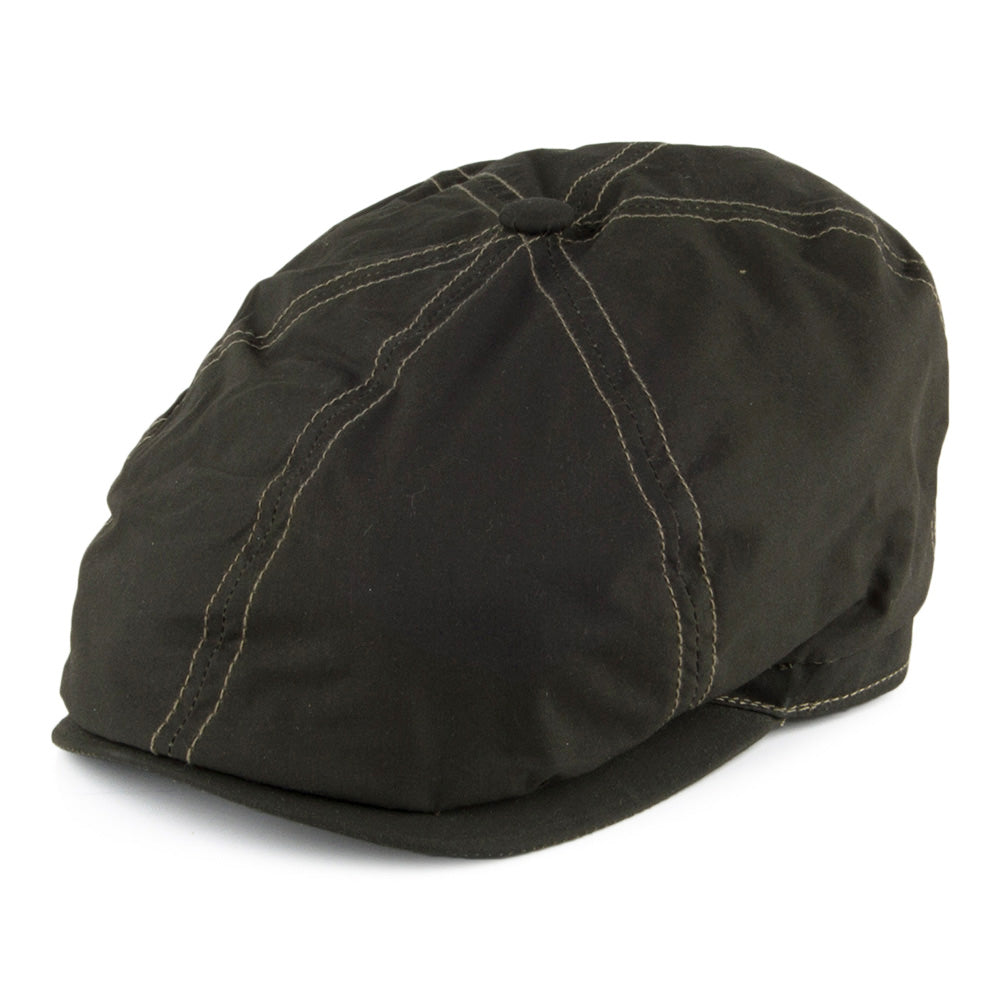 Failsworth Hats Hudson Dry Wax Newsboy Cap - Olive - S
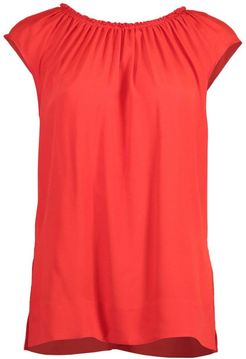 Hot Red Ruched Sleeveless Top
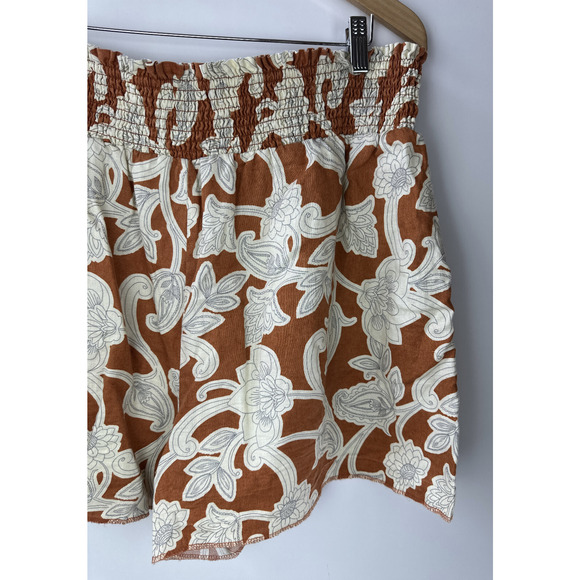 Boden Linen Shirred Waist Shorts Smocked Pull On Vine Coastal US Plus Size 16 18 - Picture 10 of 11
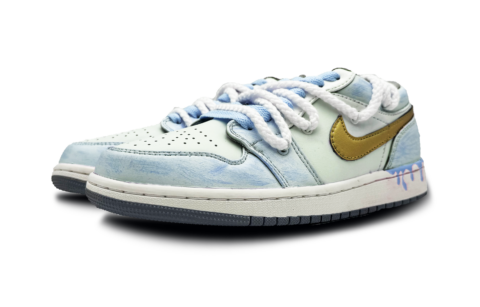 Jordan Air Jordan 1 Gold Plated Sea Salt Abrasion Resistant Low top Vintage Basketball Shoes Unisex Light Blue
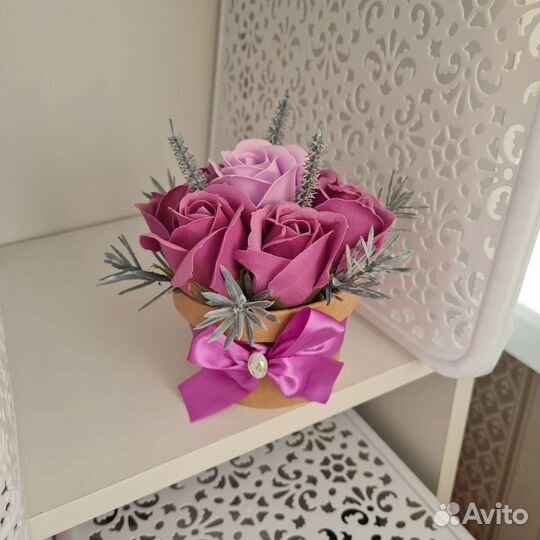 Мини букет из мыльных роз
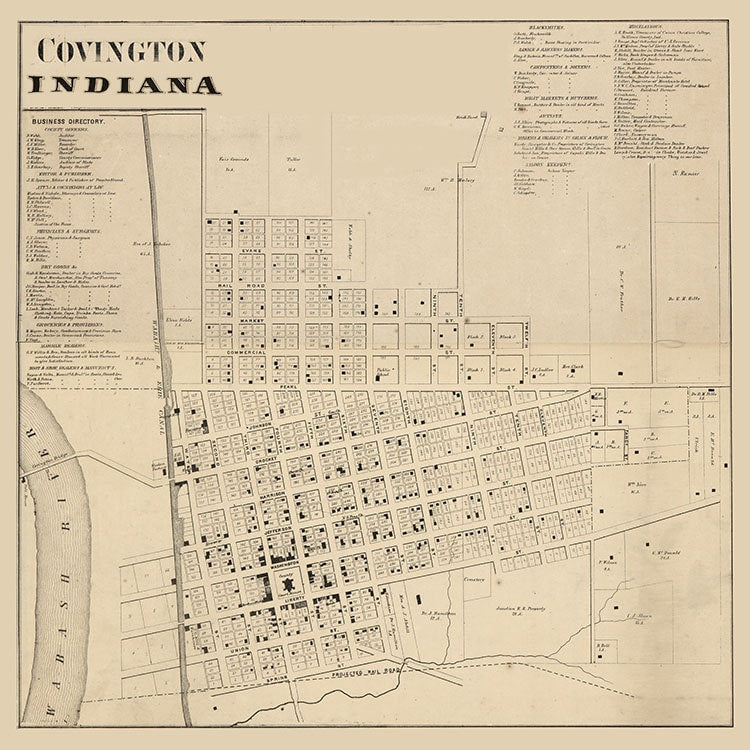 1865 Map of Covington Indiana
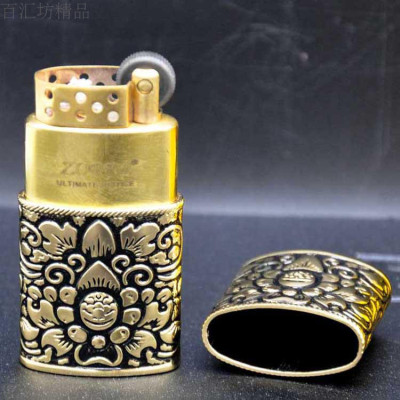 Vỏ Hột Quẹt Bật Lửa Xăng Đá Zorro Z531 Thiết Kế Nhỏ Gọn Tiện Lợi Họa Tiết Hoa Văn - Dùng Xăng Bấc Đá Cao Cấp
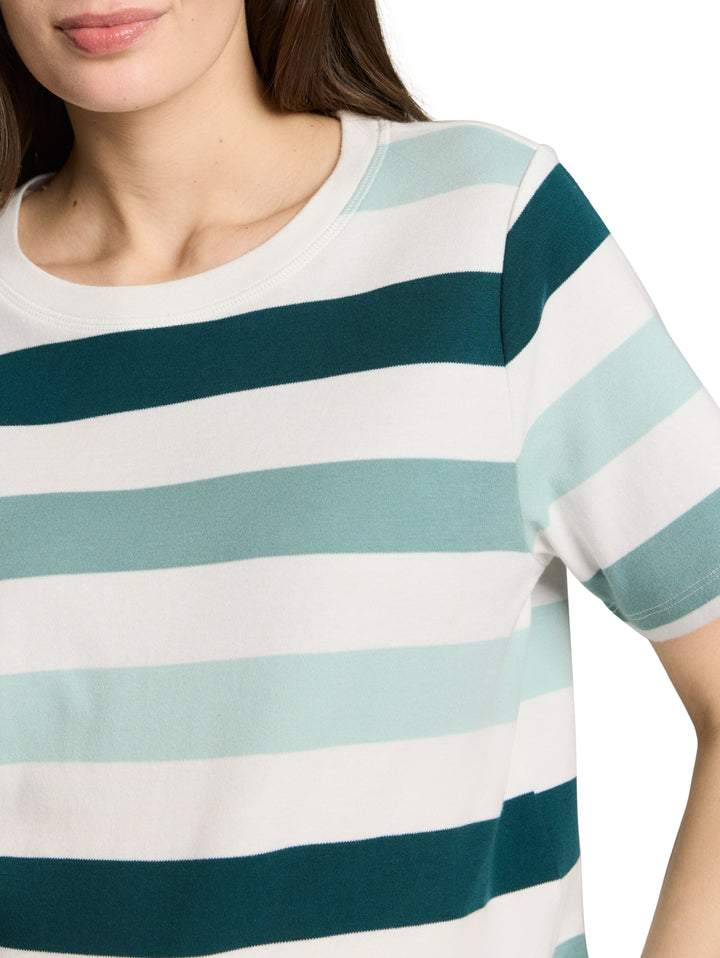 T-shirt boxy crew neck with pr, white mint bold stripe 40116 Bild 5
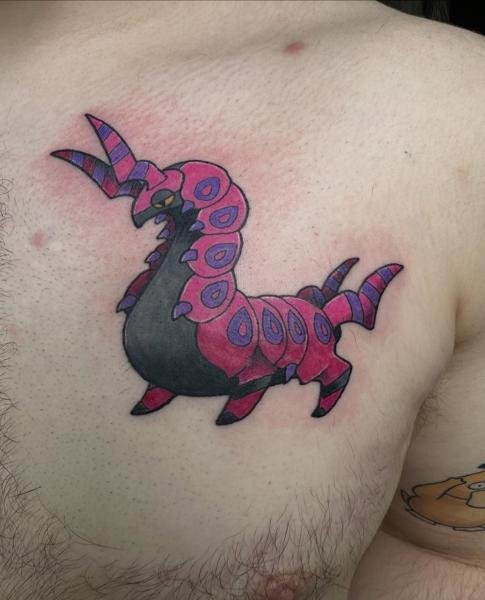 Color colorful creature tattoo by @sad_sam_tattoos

++++++++++

**THE TASK**
Write every record out again exactly; no pictures belong in the copy.

**ANSWER SECTION**
 Failsworth Hats Hudson Dry Wax Newsboy Cap - Olive - S
 Hot Red Ruched Sleeveless Top
 Boden Linen Shirred Waist Shorts Smocked Pull On Vine Coastal US Plus Size 16 18 - Picture 10 of 11
 Jordan Air Jordan 1 Gold Plated Sea Salt Abrasion Resistant Low top Vintage Basketball Shoes Unisex Light Blue
 Мини букет из мыльных роз
 1865 Map of Covington Indiana
 Vỏ Hột Quẹt Bật Lửa Xăng Đá Zorro Z531 Thiết Kế Nhỏ Gọn Tiện Lợi Họa Tiết Hoa Văn - Dùng Xăng Bấc Đá Cao Cấp
 T-shirt boxy crew neck with pr, white mint bold stripe 40116 Bild 5
 Color colorful creature tattoo by @sad_sam_tattoos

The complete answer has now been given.